● **Directions**
Wherever the listing holds a picture, leave it out, and copy the remainder exactly.

● **Supplied data**
**********
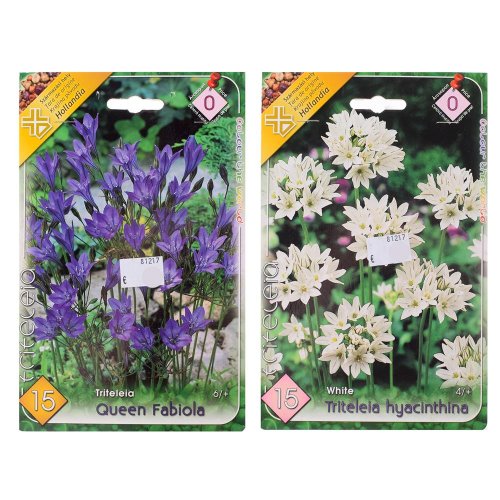Triteleia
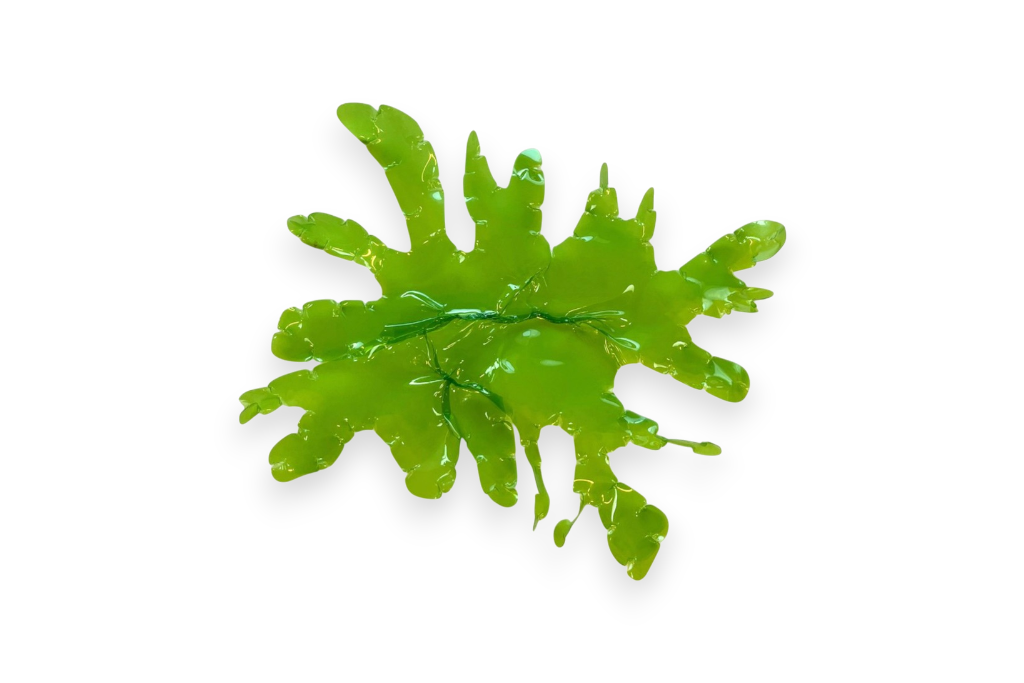 Sea lettuce small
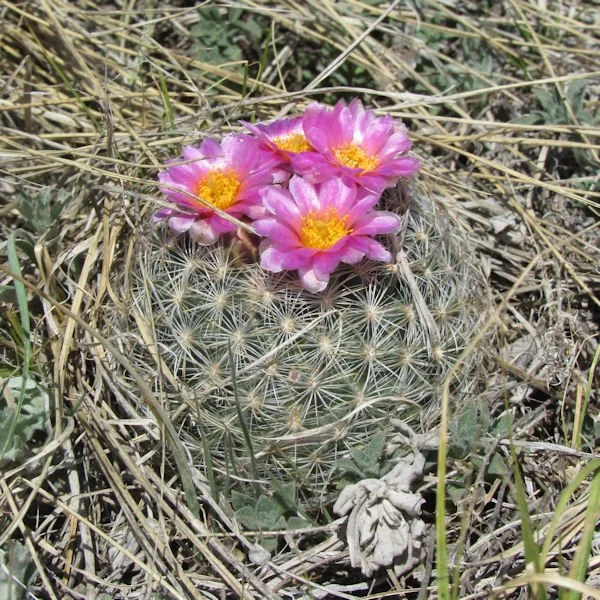ballcactus2600.jpg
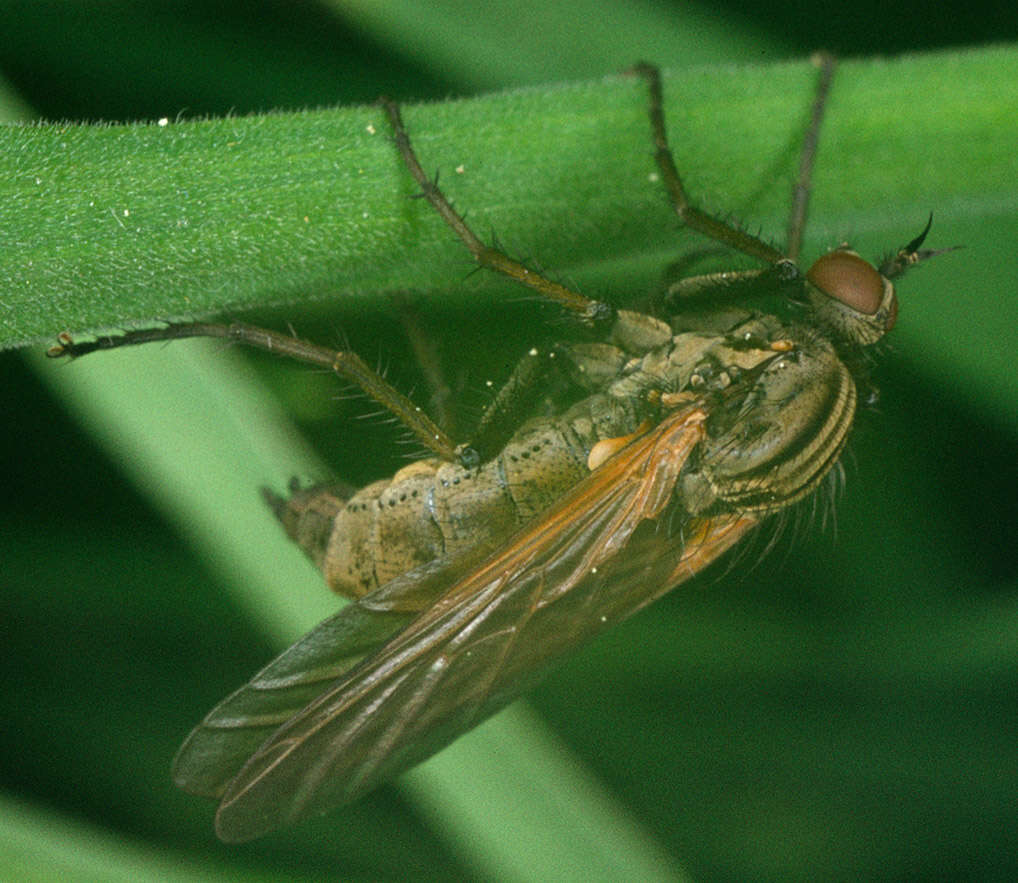 Image of Empis tessellata Fabricius 1794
**********
● **Response for this exercise**
Triteleia
 Sea lettuce small
ballcactus2600.jpg
 Image of Empis tessellata Fabricius 1794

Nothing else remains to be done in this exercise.